(Captioned web image data)
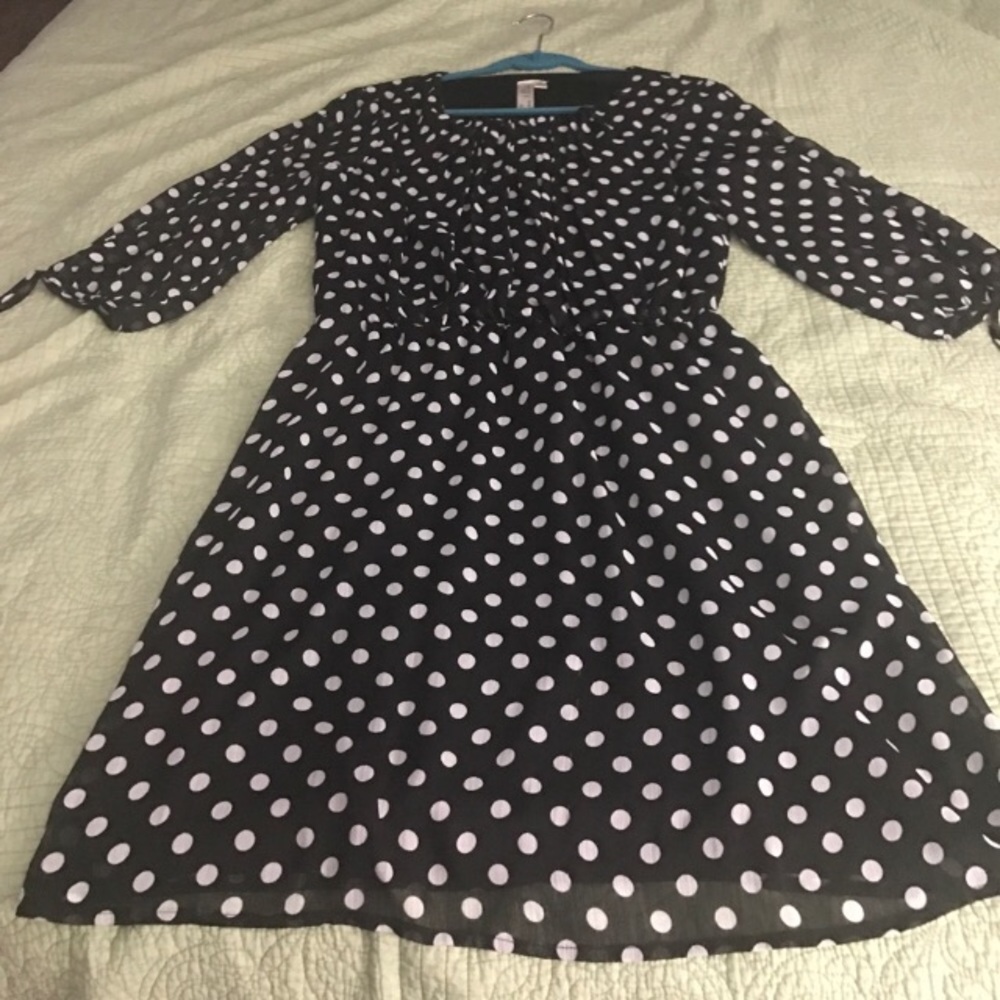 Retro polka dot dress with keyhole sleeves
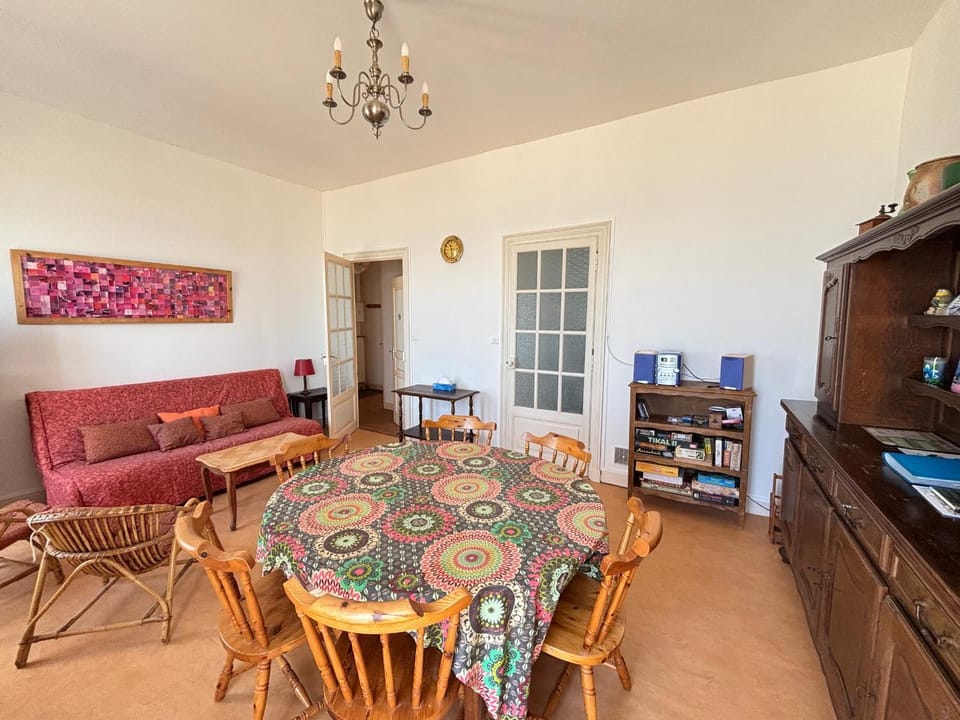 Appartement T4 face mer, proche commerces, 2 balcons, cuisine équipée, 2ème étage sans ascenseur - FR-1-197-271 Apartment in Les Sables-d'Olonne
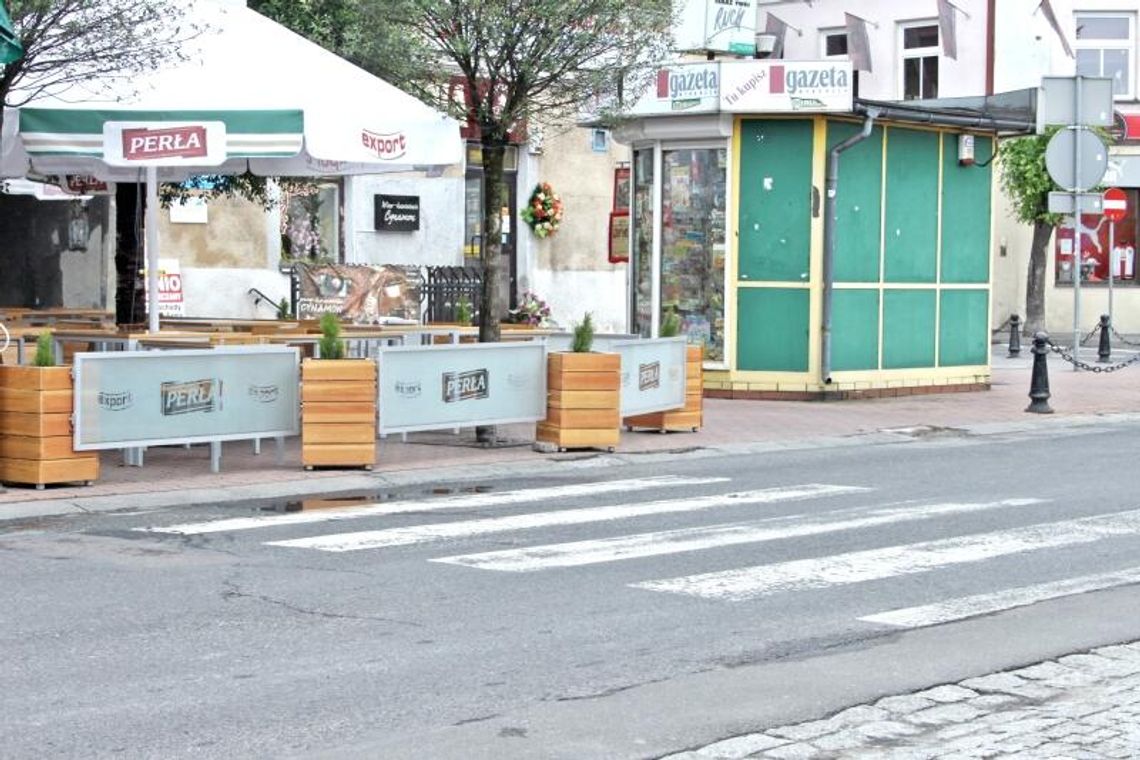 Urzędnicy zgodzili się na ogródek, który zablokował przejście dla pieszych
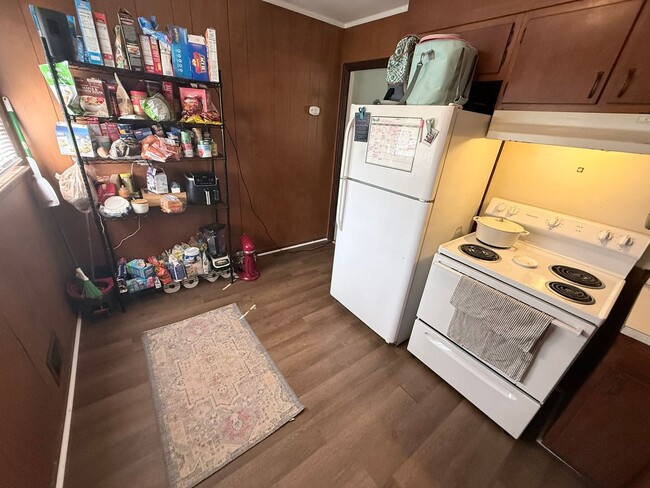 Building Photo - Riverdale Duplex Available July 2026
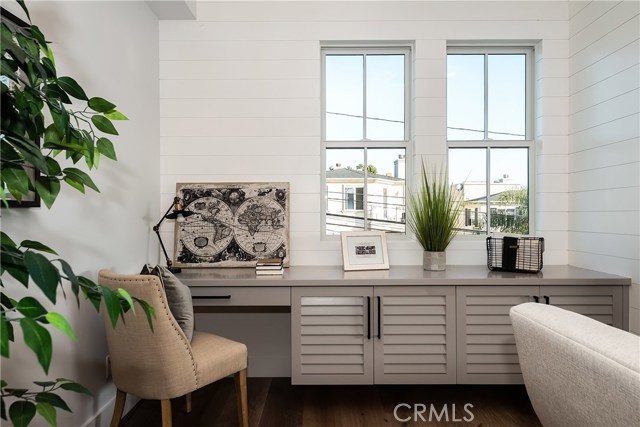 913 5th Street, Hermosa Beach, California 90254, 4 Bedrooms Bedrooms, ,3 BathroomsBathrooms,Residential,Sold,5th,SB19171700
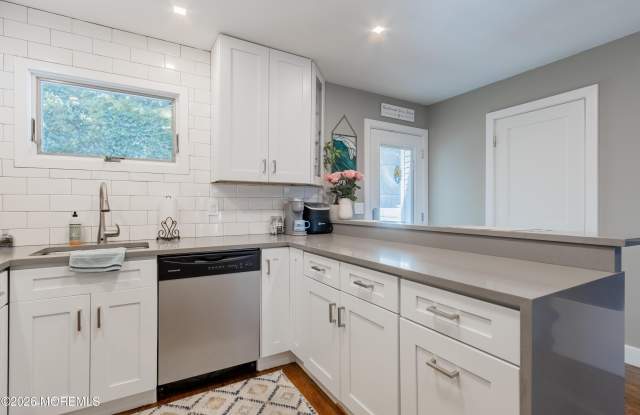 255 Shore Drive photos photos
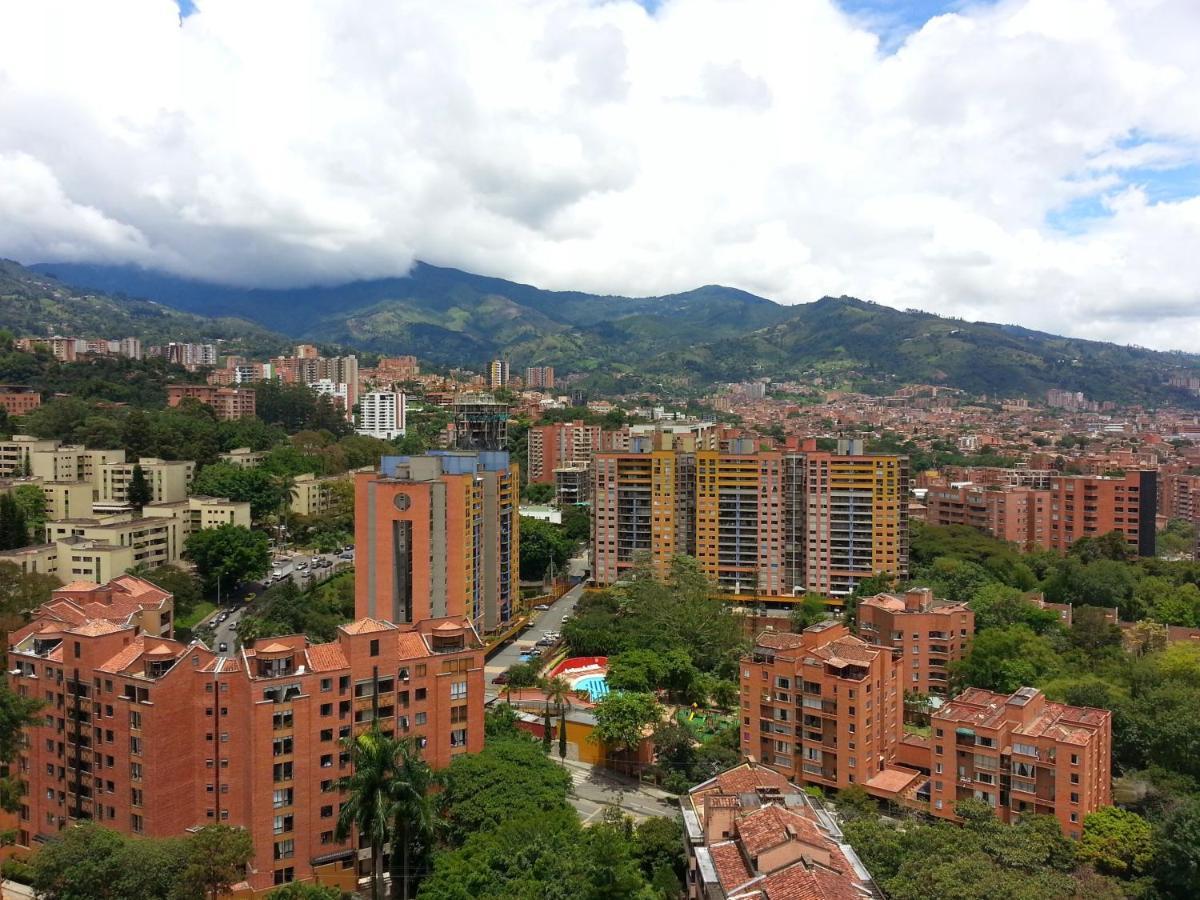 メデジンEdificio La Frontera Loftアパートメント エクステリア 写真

EXERCISE DESCRIPTION
Will you restate every entry word for word and omit the images?

COMPLETED EXERCISE
 Retro polka dot dress with keyhole sleeves
 Appartement T4 face mer, proche commerces, 2 balcons, cuisine équipée, 2ème étage sans ascenseur - FR-1-197-271 Apartment in Les Sables-d'Olonne
 Urzędnicy zgodzili się na ogródek, który zablokował przejście dla pieszych
 Building Photo - Riverdale Duplex Available July 2026
 913 5th Street, Hermosa Beach, California 90254, 4 Bedrooms Bedrooms, ,3 BathroomsBathrooms,Residential,Sold,5th,SB19171700
 255 Shore Drive photos photos
 メデジンEdificio La Frontera Loftアパートメント エクステリア 写真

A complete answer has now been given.